::: MATERIAL PROVIDED

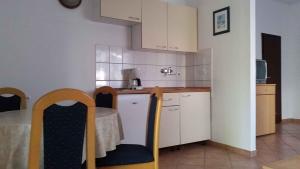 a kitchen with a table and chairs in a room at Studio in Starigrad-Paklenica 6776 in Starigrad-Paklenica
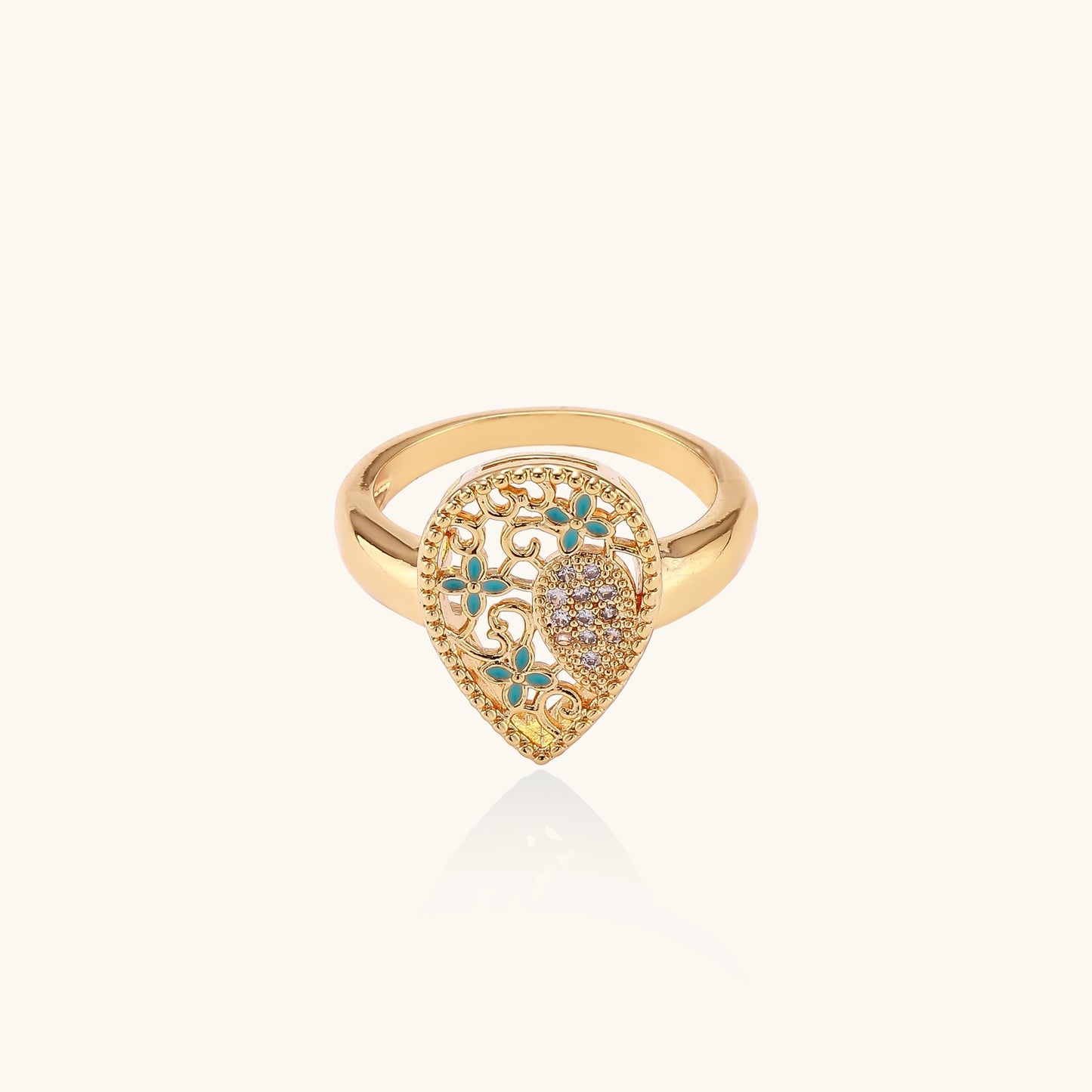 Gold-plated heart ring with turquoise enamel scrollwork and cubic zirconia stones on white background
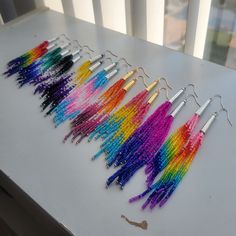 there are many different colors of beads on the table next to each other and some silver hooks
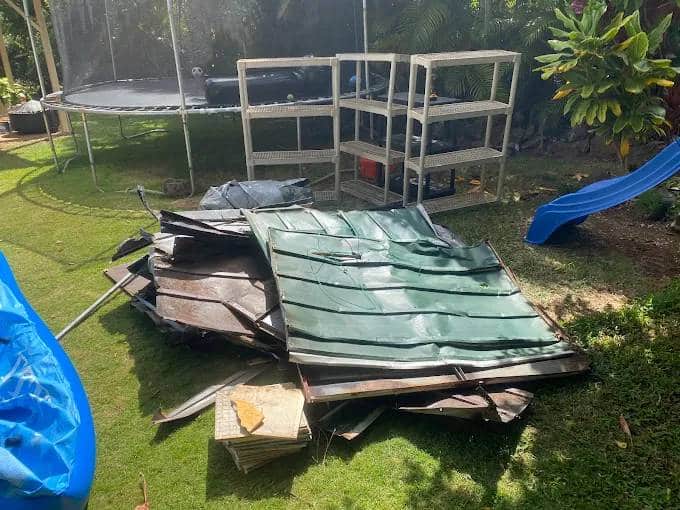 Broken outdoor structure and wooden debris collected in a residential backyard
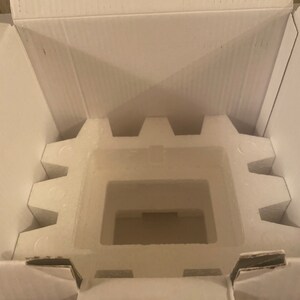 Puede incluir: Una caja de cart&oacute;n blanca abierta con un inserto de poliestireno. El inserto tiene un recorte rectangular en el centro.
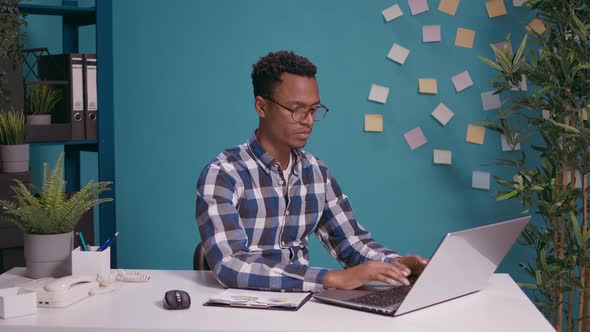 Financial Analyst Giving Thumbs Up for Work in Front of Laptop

::::::

→ **WORK ITEM**:
Working from the line that contains "Puede incluir: Una" to the last line of the listing, please quote each line exactly, pictures excluded.

→ **OUTPUT**:
 Puede incluir: Una caja de cart&oacute;n blanca abierta con un inserto de poliestireno. El inserto tiene un recorte rectangular en el centro.
 Financial Analyst Giving Thumbs Up for Work in Front of Laptop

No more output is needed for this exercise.